DATA:
------------------------------------------------------------
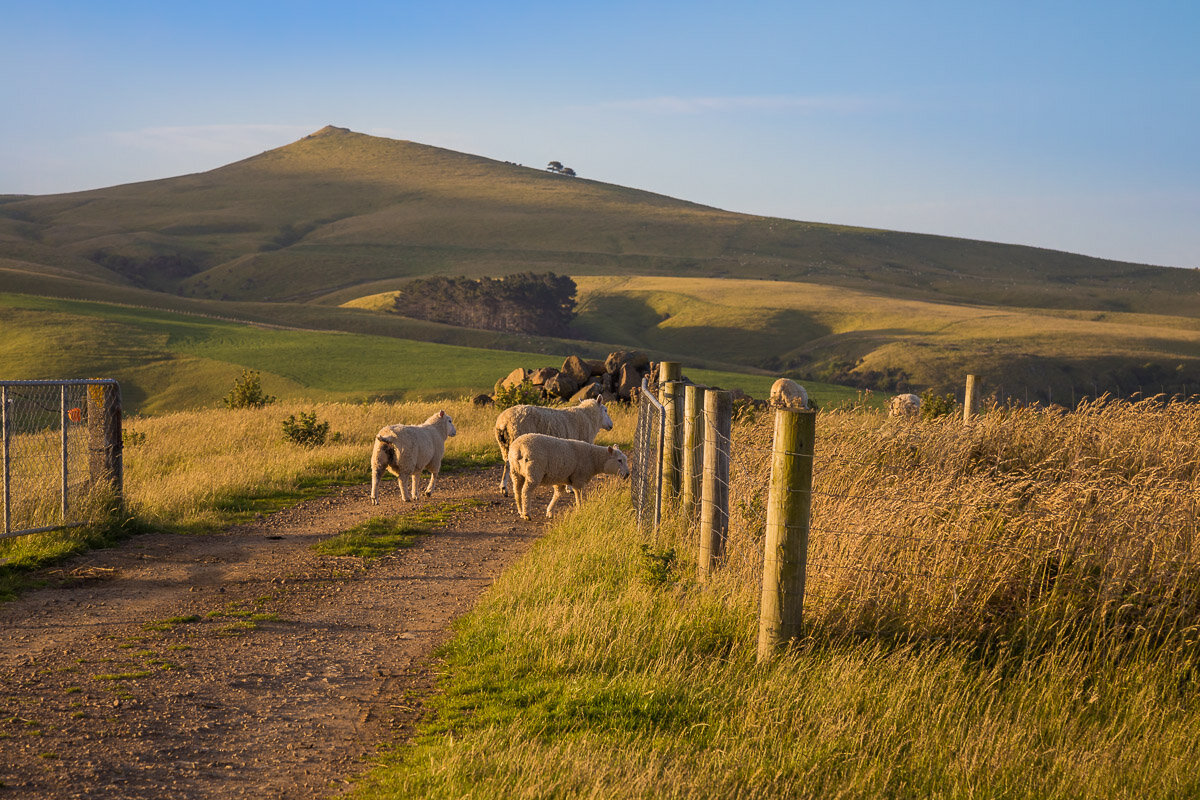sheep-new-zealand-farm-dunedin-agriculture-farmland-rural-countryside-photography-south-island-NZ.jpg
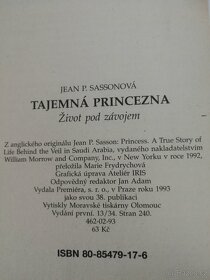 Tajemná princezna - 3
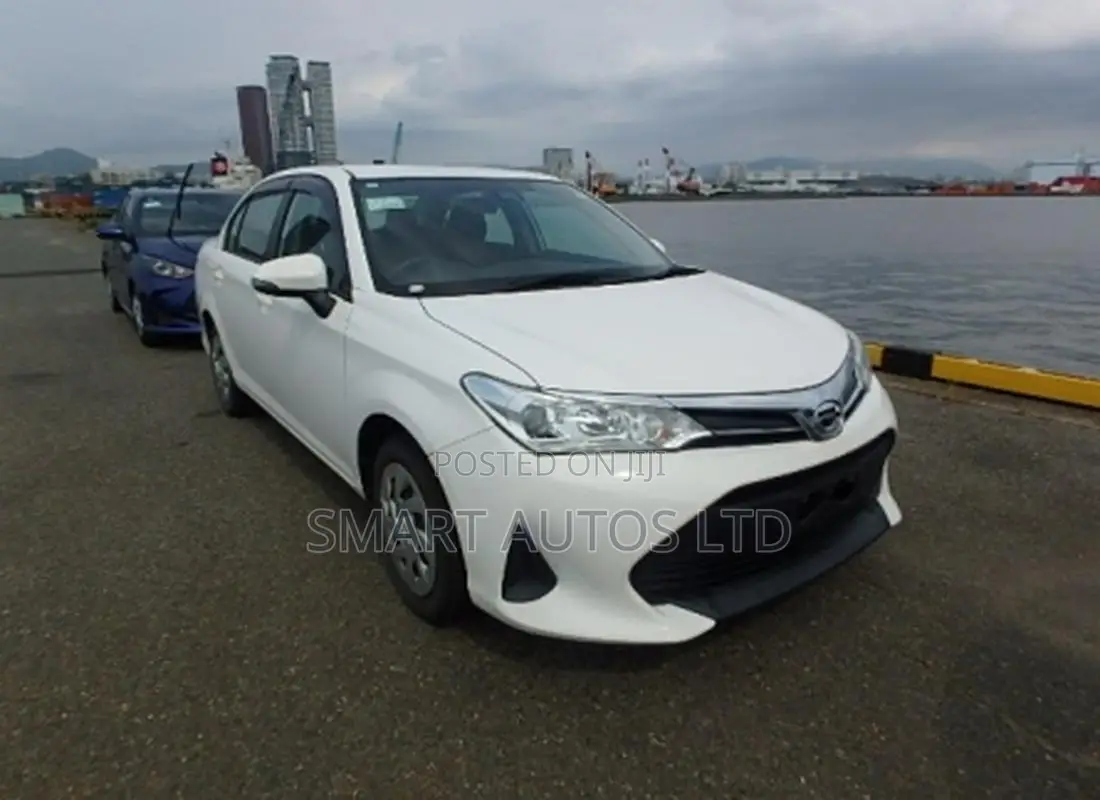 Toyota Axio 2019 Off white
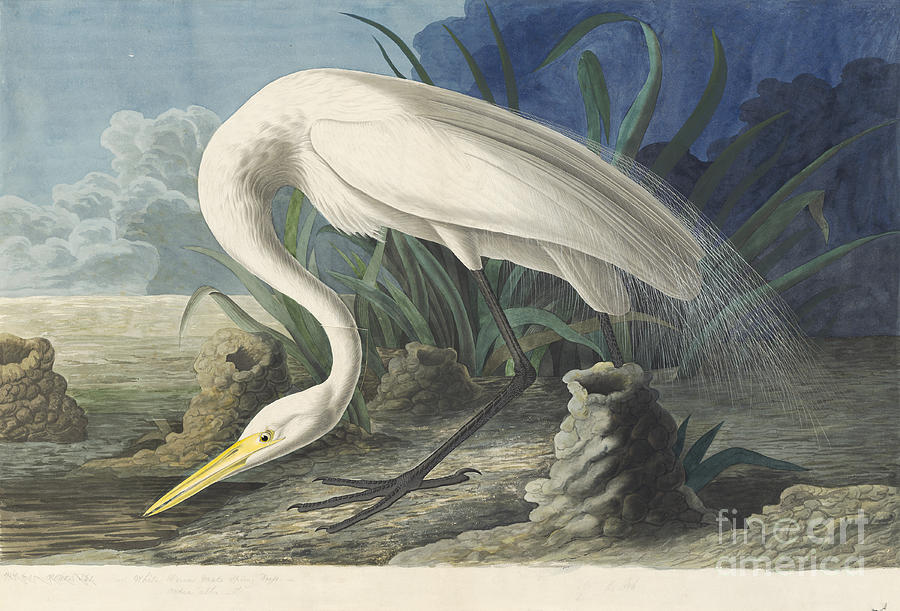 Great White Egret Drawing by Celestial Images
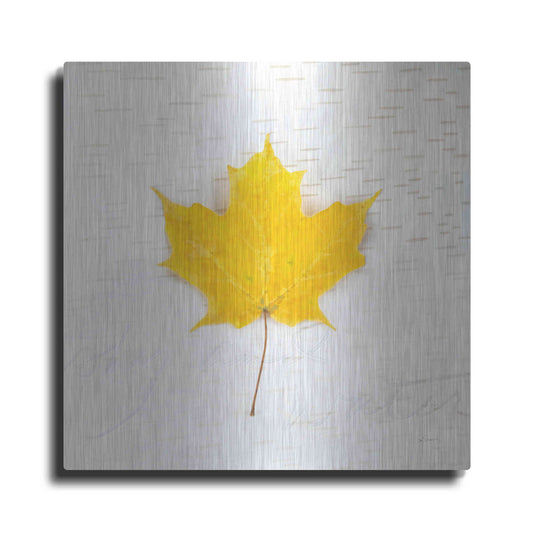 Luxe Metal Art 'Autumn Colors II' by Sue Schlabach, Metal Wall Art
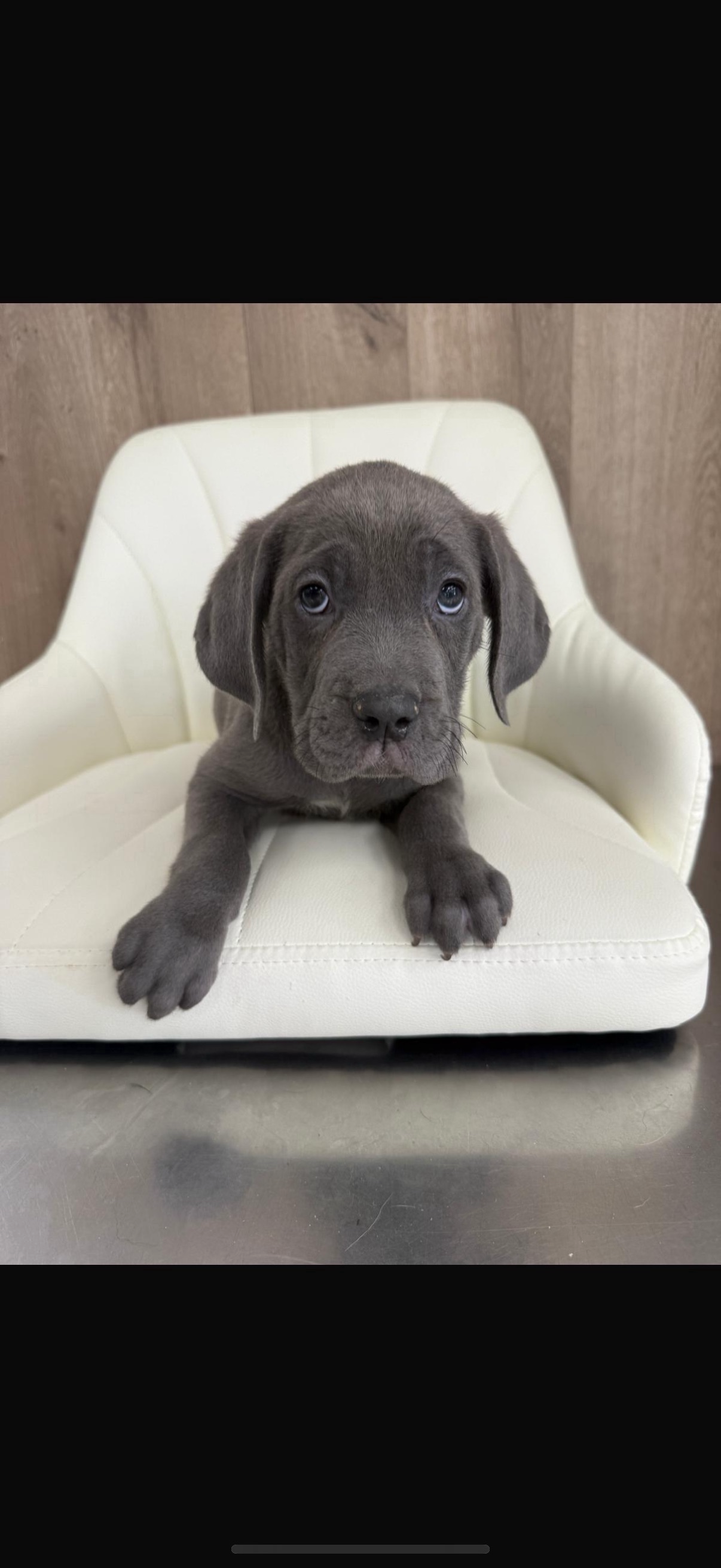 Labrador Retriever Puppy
------------------------------------------------------------
Retype each entry exactly. No pictures.

SOLUTION TO THE EXERCISE:
sheep-new-zealand-farm-dunedin-agriculture-farmland-rural-countryside-photography-south-island-NZ.jpg
 Tajemná princezna - 3
 Toyota Axio 2019 Off white
 Great White Egret Drawing by Celestial Images
 Luxe Metal Art 'Autumn Colors II' by Sue Schlabach, Metal Wall Art
 Labrador Retriever Puppy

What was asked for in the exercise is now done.